The company delayed the preliminary feasibility study to the first quarter of 2018 and plans to deliver an update preliminary economic assessment in October, 2017.   After the delivery of a feasibility study on either the Upper Zone or the Lower Zone, Freeport McMoran (US:FCX) will increase its ownership in the Lower Zone to 54% and Nevsun will own 100% of the Upper Zone and the remaining 46% of the upper zone.

The negative news has sent the shares in the company down to a year low of $2.67 (CDN), from $3.39 before the second quarter financials were released on Wednesday. These are levels that have not been seen since 2010, and a far cry from its peaks in the seven dollar range back in 2010 when Bisha was moving to production and copper was cresting at $4.50/lb.

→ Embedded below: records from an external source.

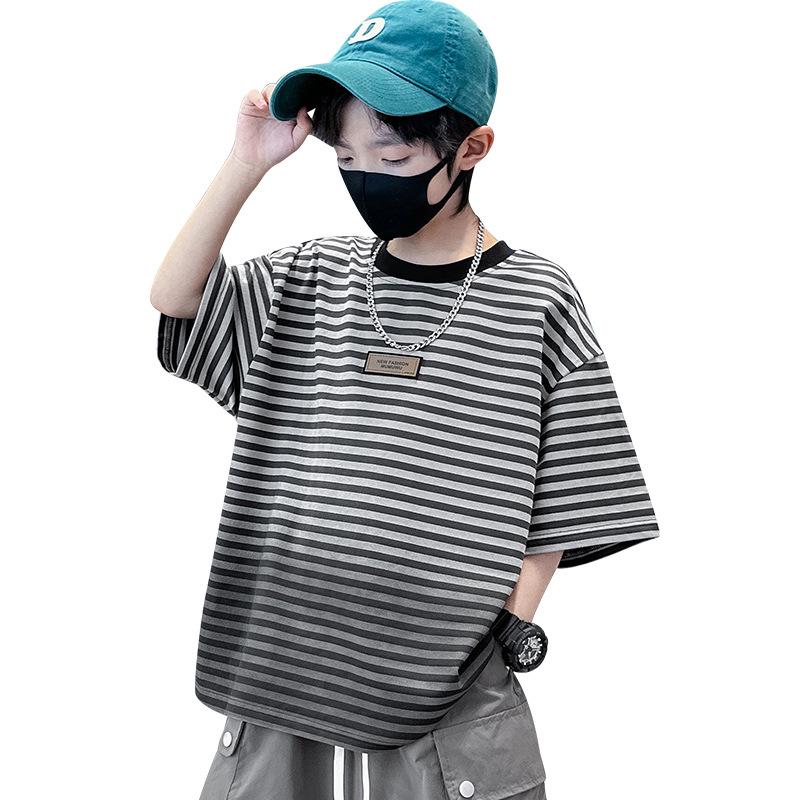 2025 Boys' Gradient Striped Short-Sleeve T-Shirt - Trendy Summer Top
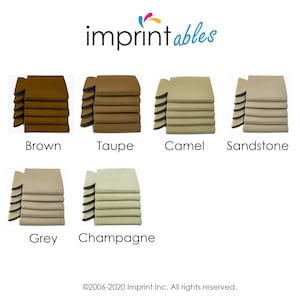 Puede incluir: Pilas de seis aislantes de bebidas de espuma en varios colores, incluyendo marr&oacute;n, topo, camel, arenisca, gris y champ&aacute;n. El texto "imprintables" est&aacute; en la parte superior de la imagen.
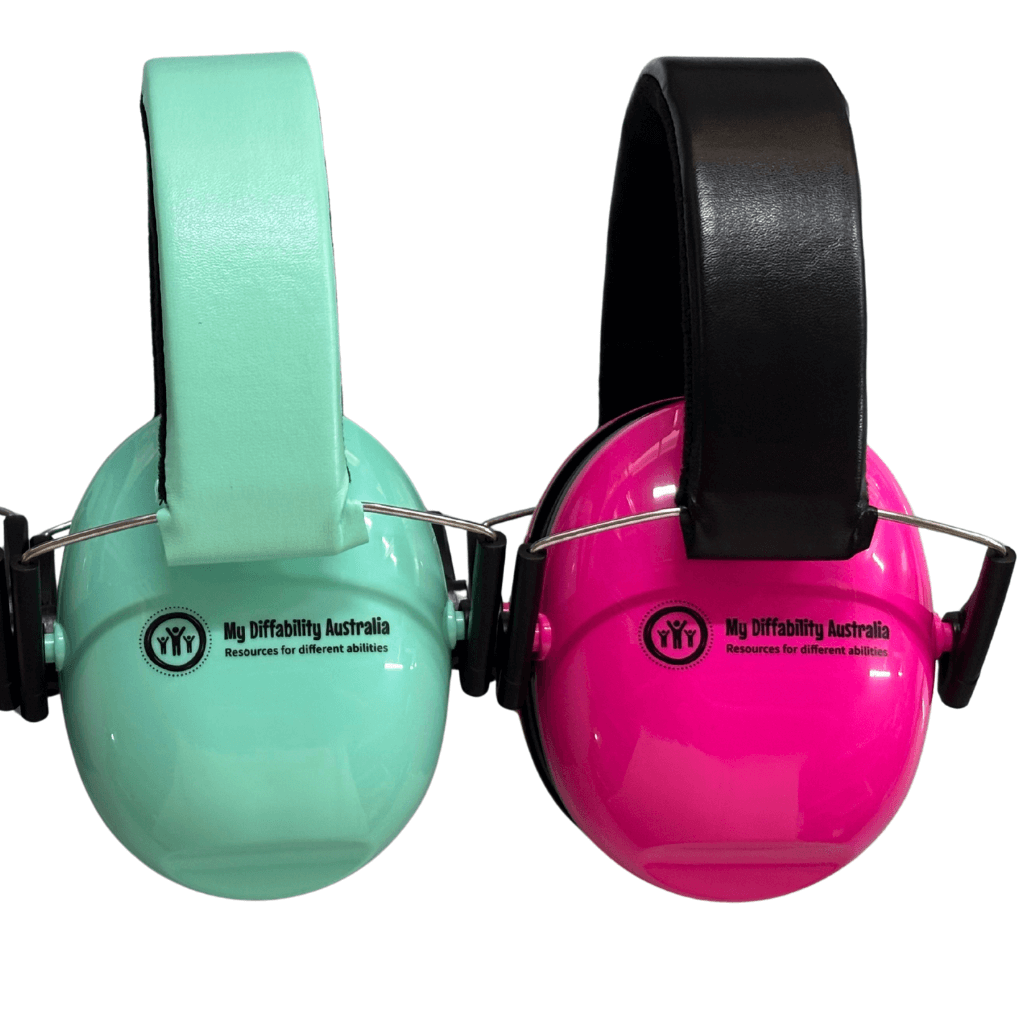 Hot Pink and Mint Ear Defender Toddler Ear Muffs with logo 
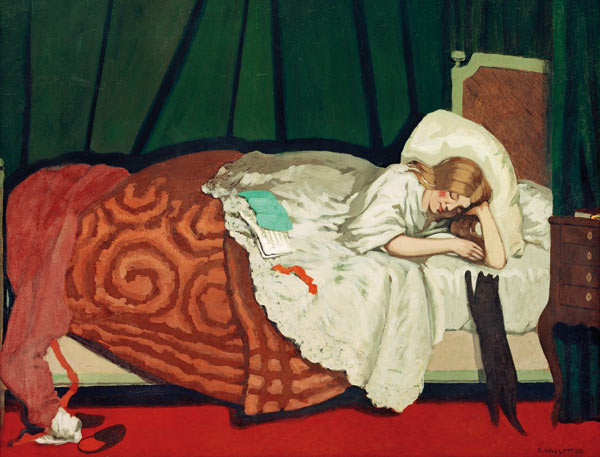 Félix_Vallotton,_1899_-_Femme couchée jouant avec un chat coll part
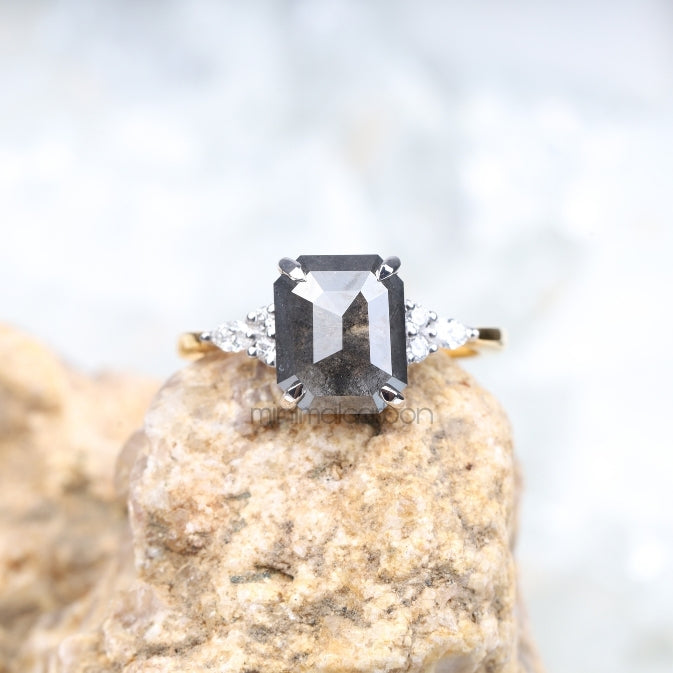Emerald Cut Salt and Pepper Diamond Engagement Ring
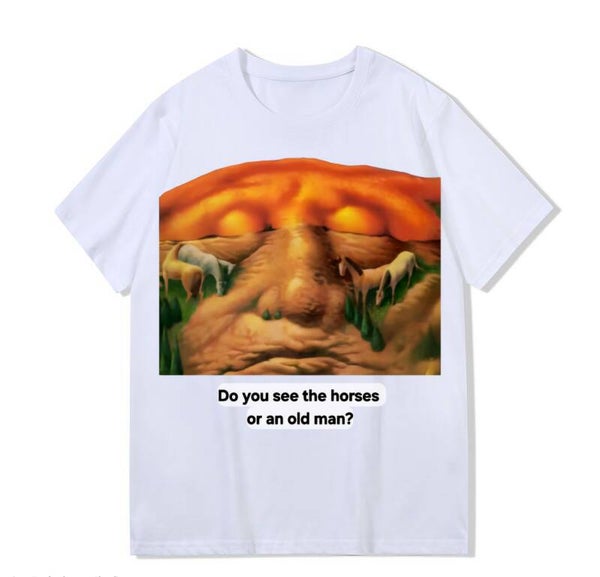 Heavy weight 300g optical Illusion 100% cotton T-shirt ​digital textile printing; horses on an old man's face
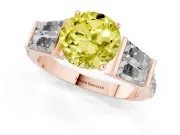Fancy Yellow Round Cut Diamond Engagement Ring Set in Rose gold with Baguette Side Stones and Channel Set Band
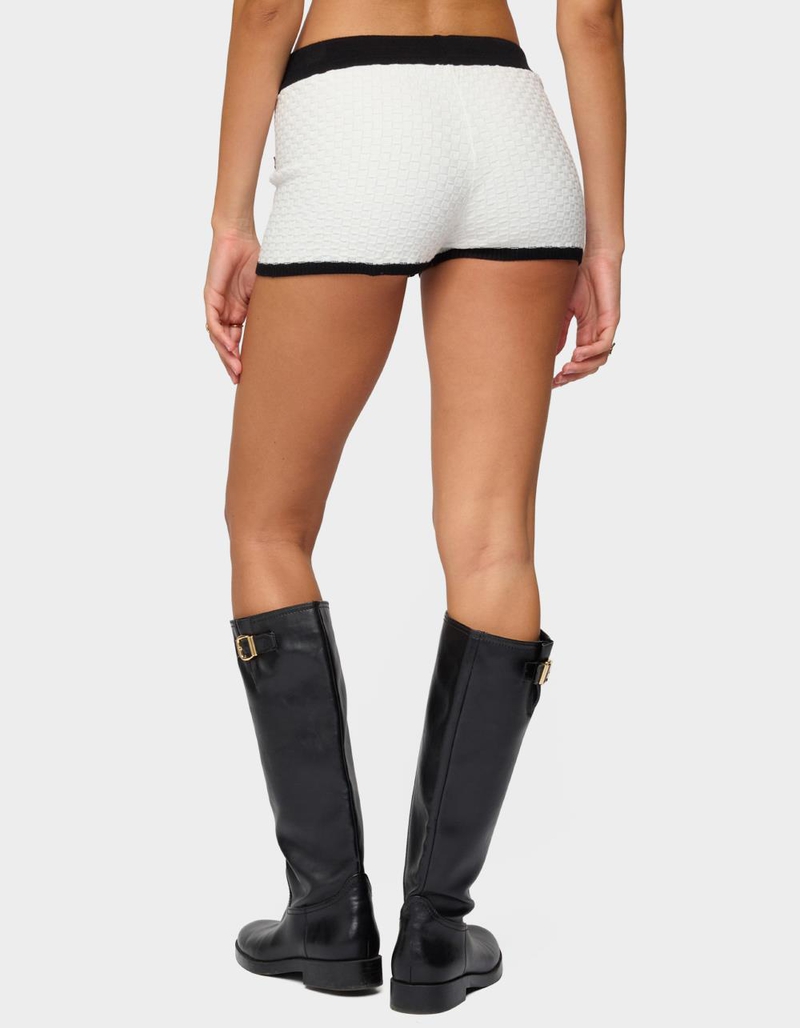 EDIKTED Mara Contrast Textured Knit Shorts image number 2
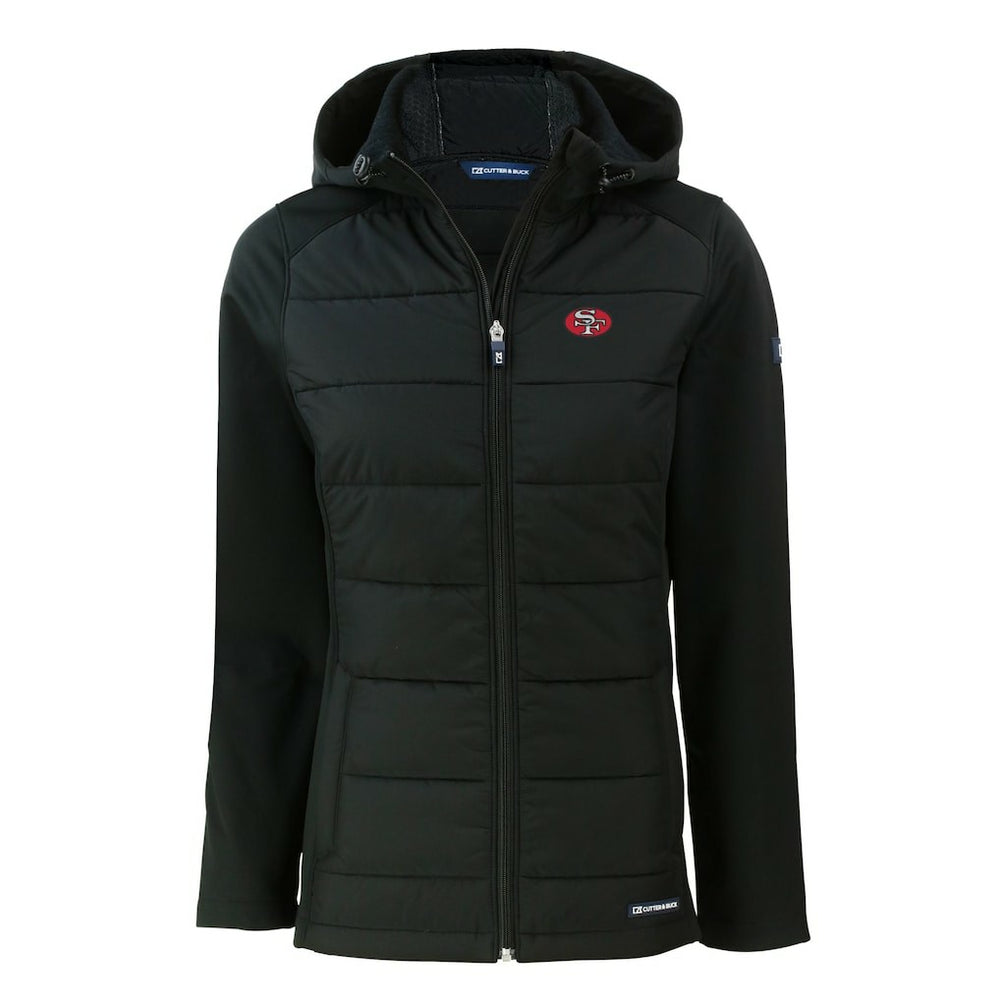San Francisco 49ers Cutter & Buck Women's Throwback Evoke Hybrid Eco Softshell Recycled Full-Zip Hoodie Jacket | NFL Hot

Backgrounder on Nevsun Resources CEO and President, Peter Kukielski

Nevsun Resources appointed Stanford-educated civil engineer Peter Kukielski, the former head of AcrelorMittal, as CEO and President of Nevsun in May, 2017.  He ruffled feathers at ArcelorMittal by suggesting it should spin-off its mining division, joined Warburg Pincus at the beginning of 2014. He also sits on the board of Perth-based South32.   At Warburg Pincus he was the executive in residence at the private equity firm,  where he wanted to create not a mining fund but an operating miner with physical assets.  This was back in 2014 at the bottom of the commodities downturn when several other mining executives, including former Xstrata boss Mick Davis, launched private equity funds hoping to get fire sale prices on assets as prices tumbled. Instead, they largely sat on the sidelines as prices rallied throughout 2016 according to the Global Mining Observer.  Warburg Pincus pulled the plug on the $1 billion fund at the end of 2016, having failed to land any deals. One mine his fund was looking at was Rio Tinto's IOC (Iron Ore Company of Canada) operation in Canada, but complications included a $900 million lawsuit hanging over the asset, brought by Inuit groups. Don Lindsay, the head of Vancouver-based Teck, also looked at buying the mine under Rio's former chief executive Sam Walsh.  Unphased by the closing of the fund he led, Mr. Kukielski landed at the helm of Nevsun as it is moving to its next project, Timok where he may get his wish to actually build an operating mine with assets, if he sticks around and no one pulls the plug.